═════ SUPPLIED RECORDS
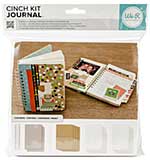 Cinch Journal Kit 8X9 - Covers, Pages and Wire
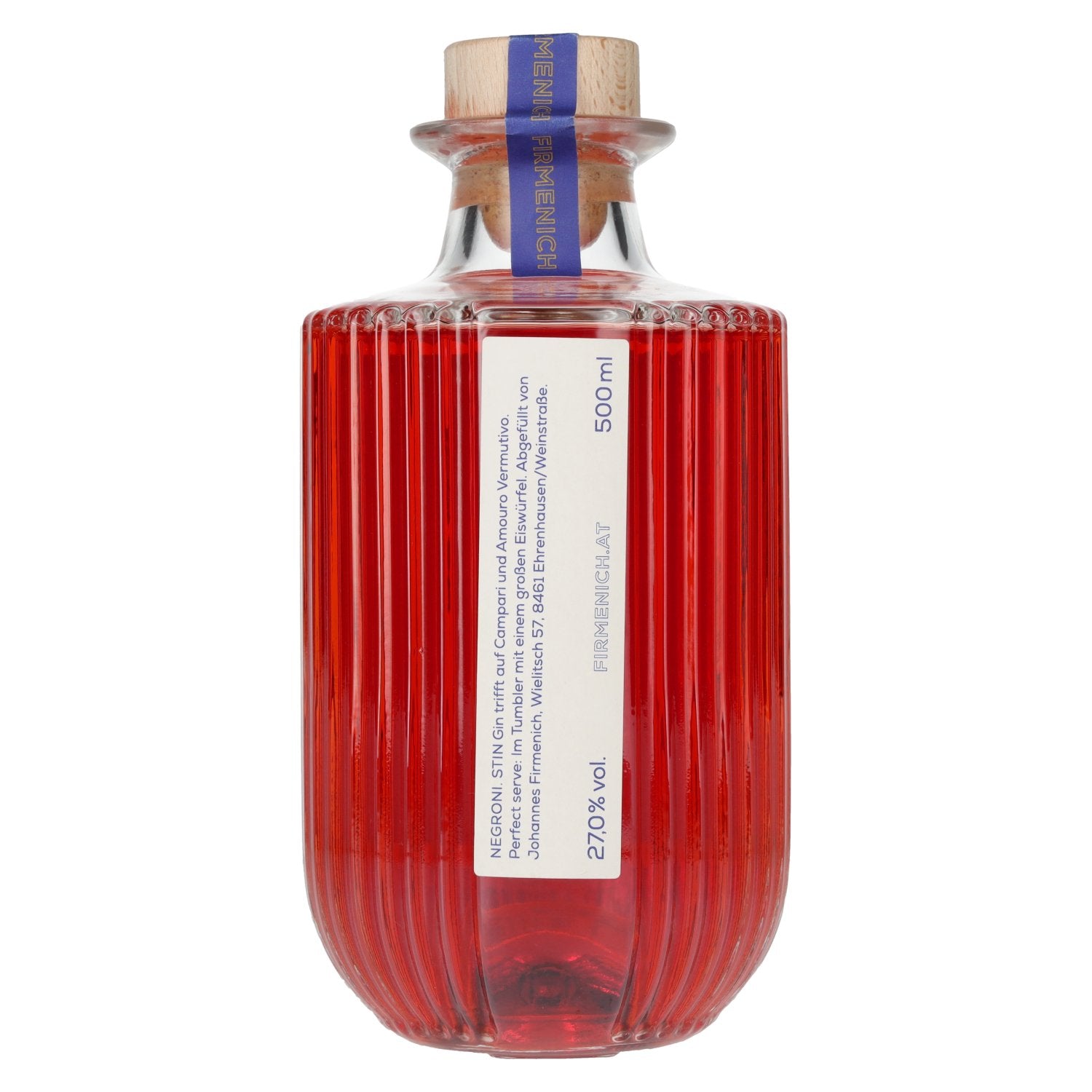 Firmenich NEGRONI 27% Vol. 0,5l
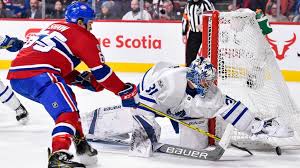 Montreal canadiens vs toronto maple leafs: Andersen Maple Leafs Blank Canadiens Matthews Scores Twice In Return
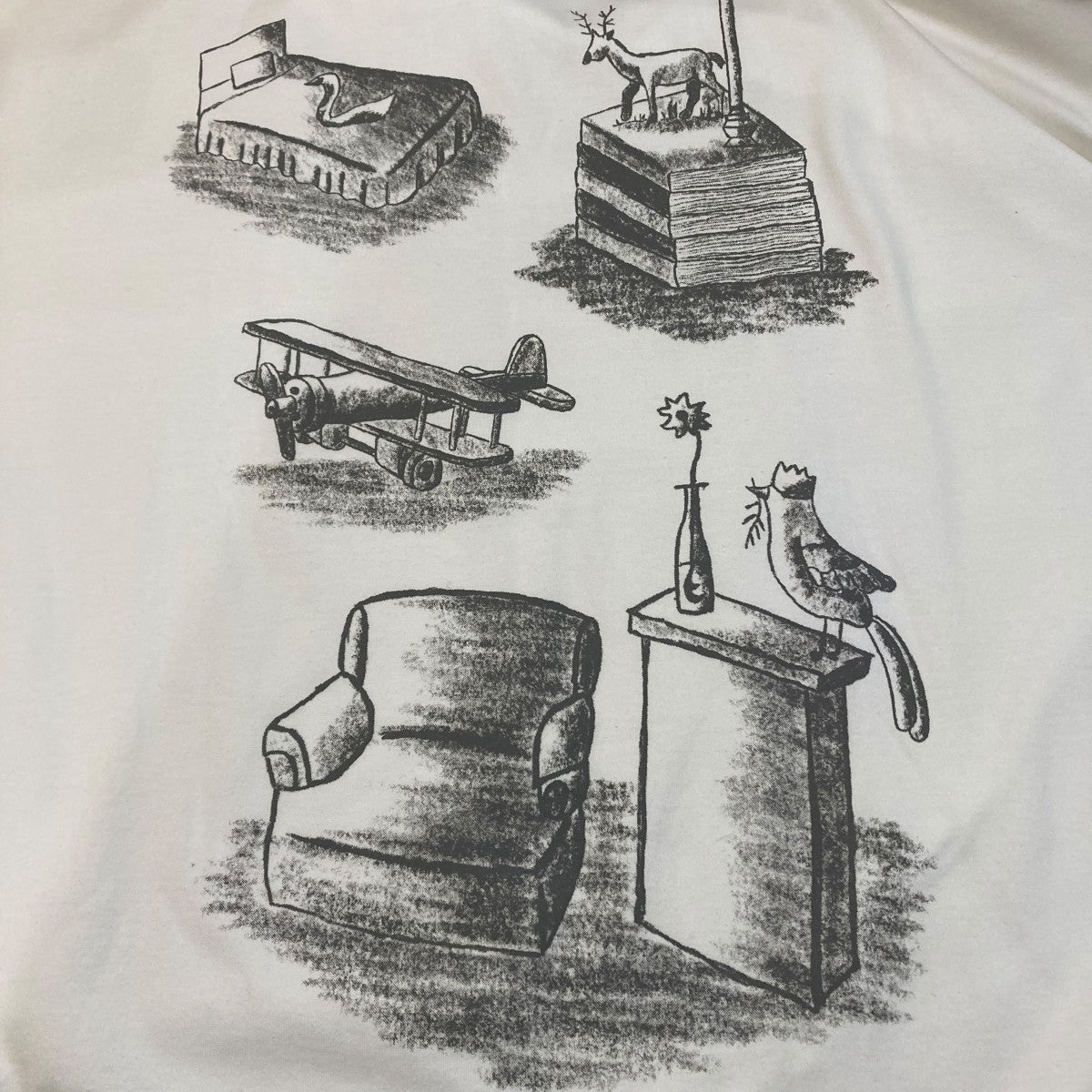 a zoo of a room半袖Tシャツ2601SK101B
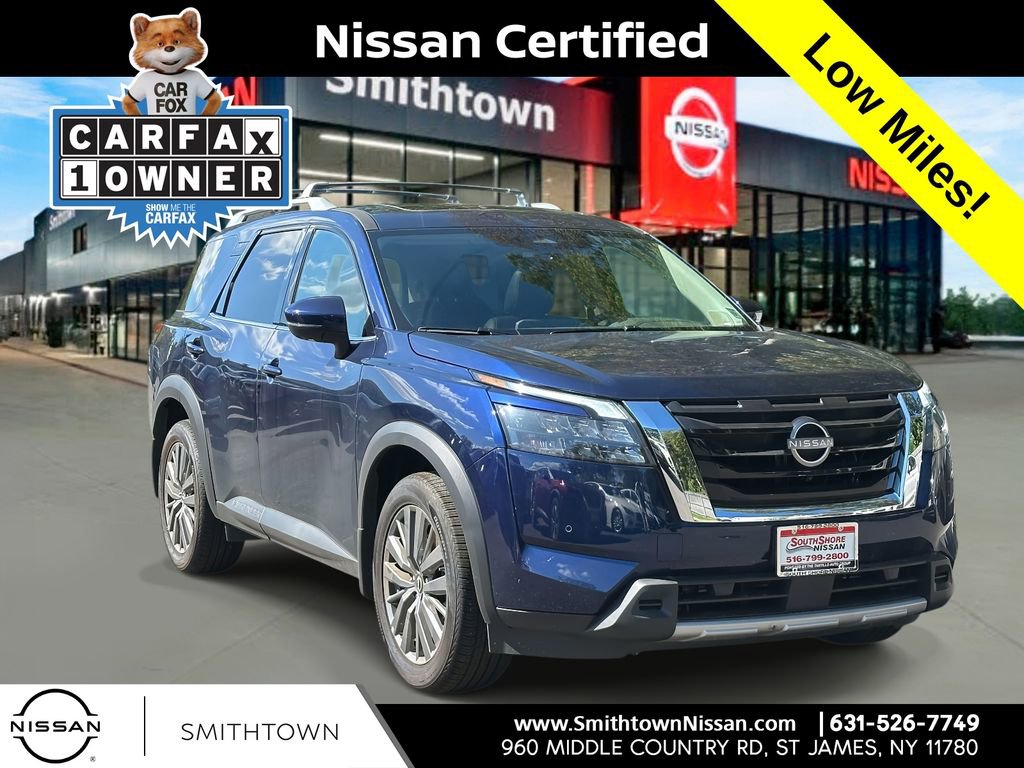 Certified 2025 Nissan Pathfinder SL w/ SL Premium Package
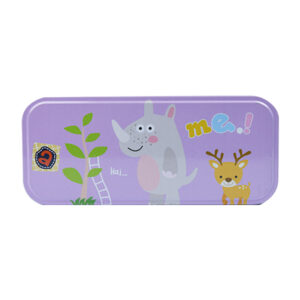 Pencil Case Tin Can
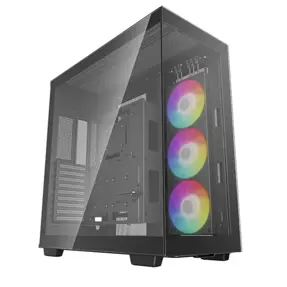 DeepCool Full Tower CH780, ARGB, glass window, Black, R-CH780-BKADE41-G-1
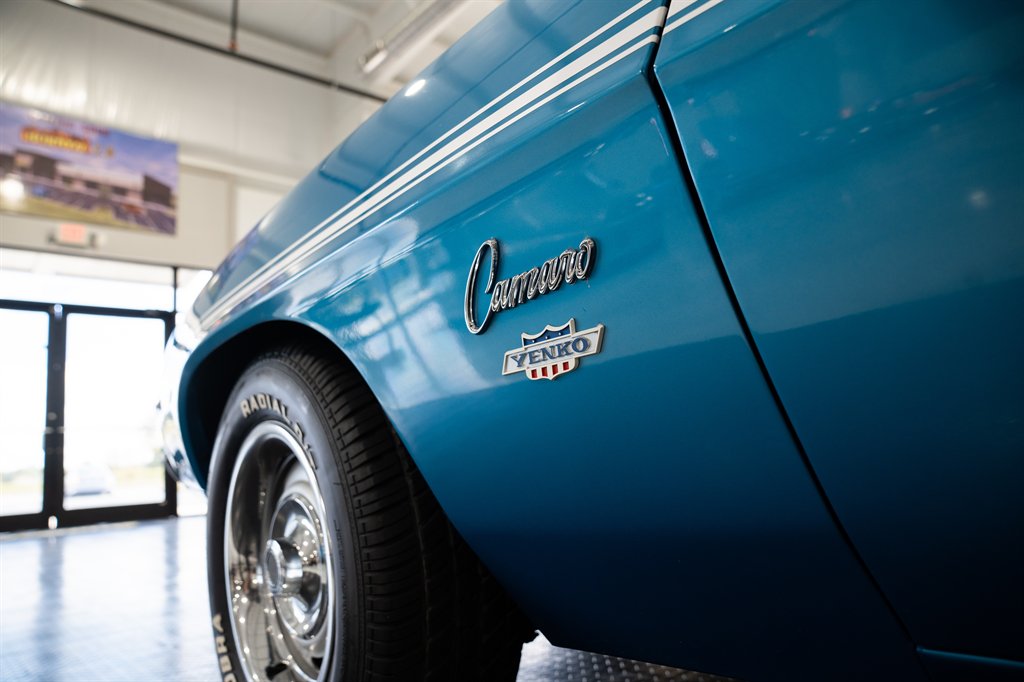 1969 Chevrolet Camaro Yenko Clone 23
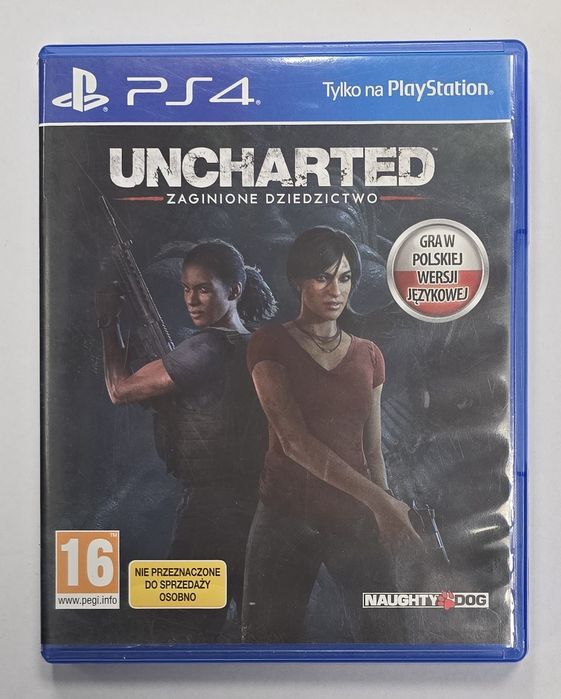 Gra PS4 Uncharted Zaginione Dziedzictwo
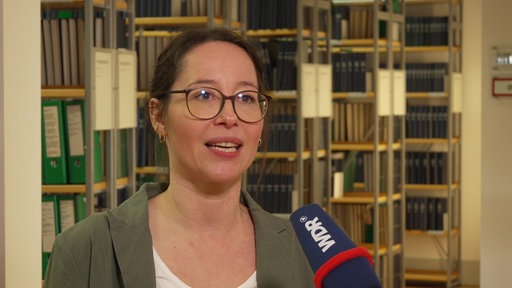 Jenna Wünsche, Psychologin und Mitarbeiterin des Zentrums für Altersfragen in Berlin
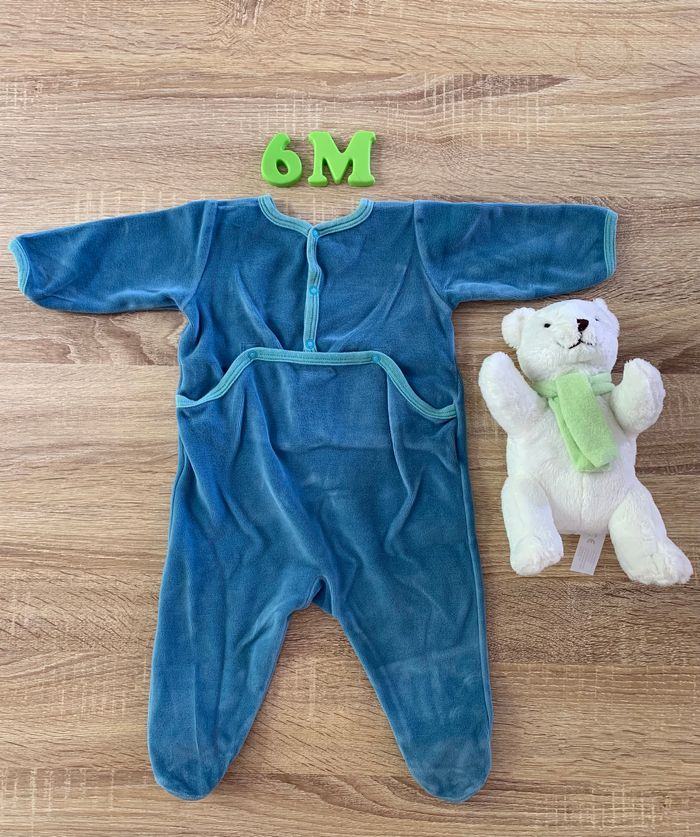 Pyjama une pièce Petit Bateau - photo numéro 2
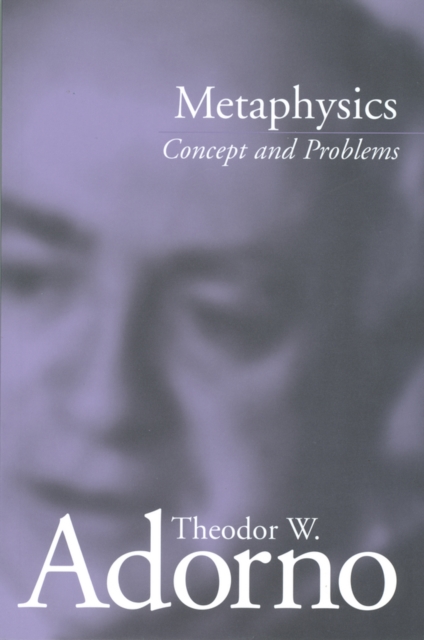 Metaphysics : Concept and Problems, EPUB eBook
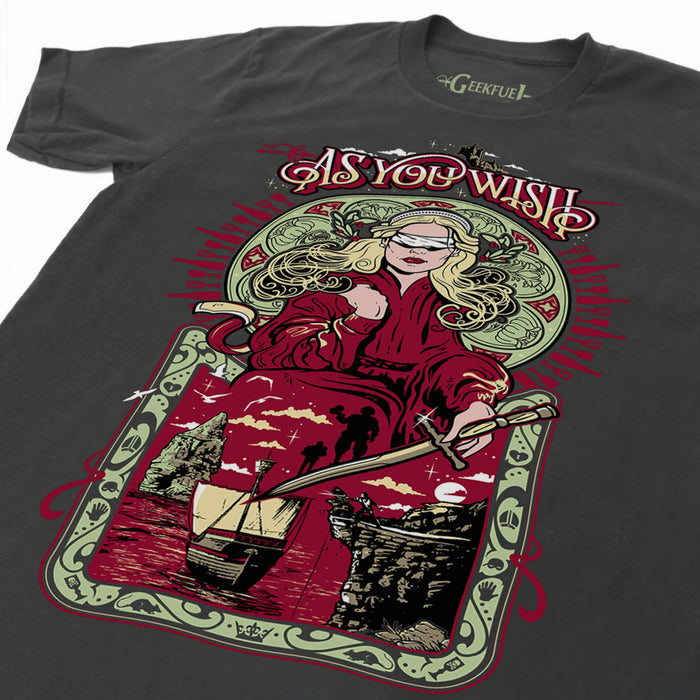 As You Wish Tee (Geek Fuel Exclusive)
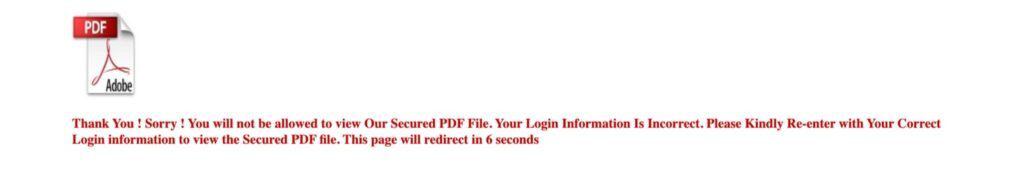 Faculty adobe error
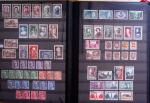 1862-2009 Collection en sept classeurs montrant une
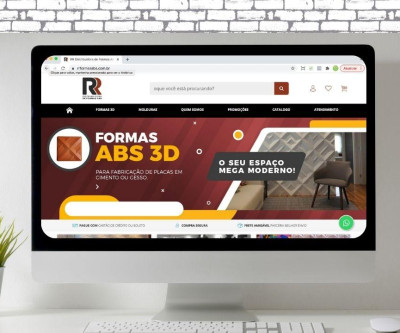 Loja Virtual RR Formas ABS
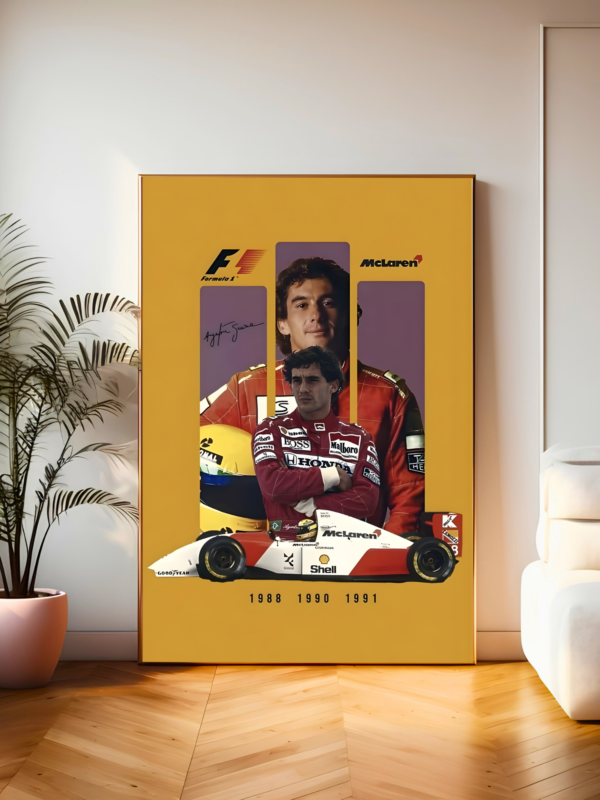 F1 | Glory on the Grid | Motorsport Art Poster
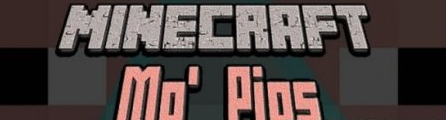 Mo' Pigs for Minecraft 1.7.10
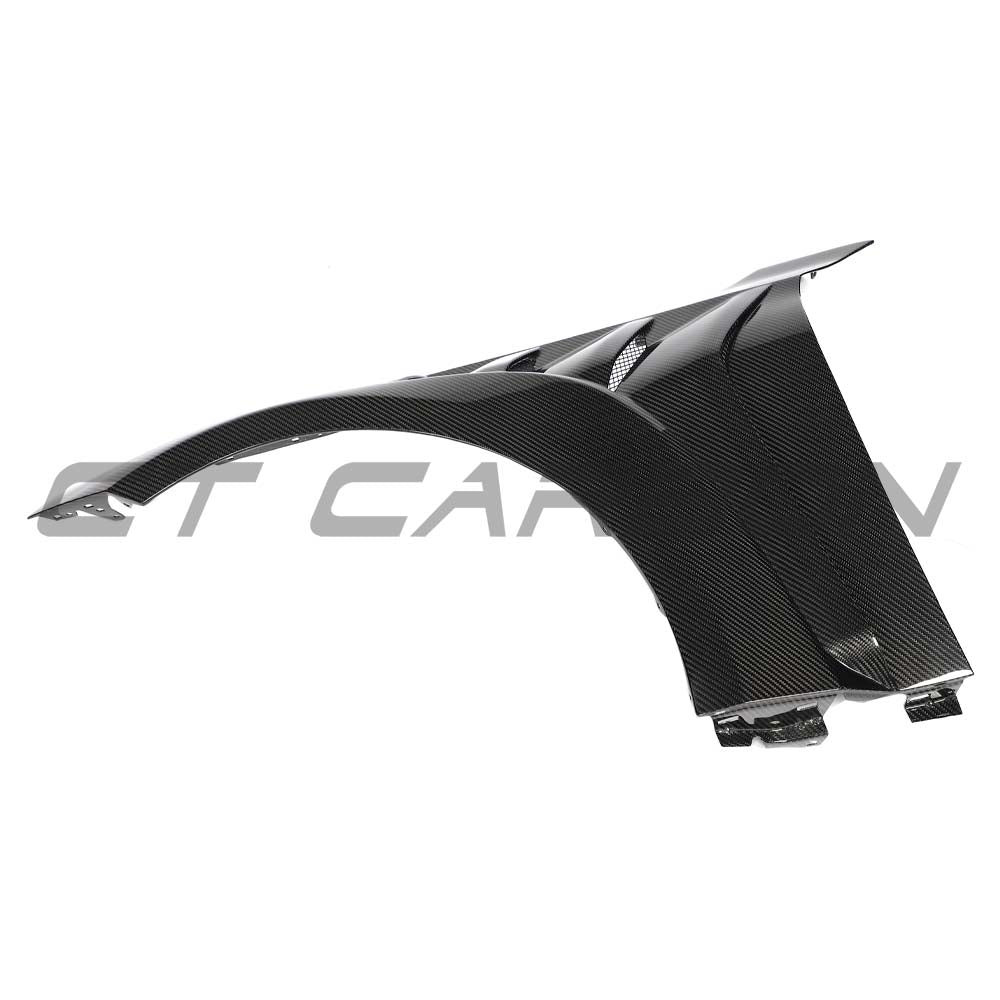 BMW G87 M2 CT Design full carbon fibre kit showing sleek, lightweight carbon fiber panels and aerodynamic details.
══════════
Your answer must be the lines from the one containing "As You Wish Tee (Geek Fuel Exclusive)" through the last line of the records, both included, written out exactly and without pictures.

 As You Wish Tee (Geek Fuel Exclusive)
 Faculty adobe error
 1862-2009 Collection en sept classeurs montrant une
 Loja Virtual RR Formas ABS
 F1 | Glory on the Grid | Motorsport Art Poster
 Mo' Pigs for Minecraft 1.7.10
 BMW G87 M2 CT Design full carbon fibre kit showing sleek, lightweight carbon fiber panels and aerodynamic details.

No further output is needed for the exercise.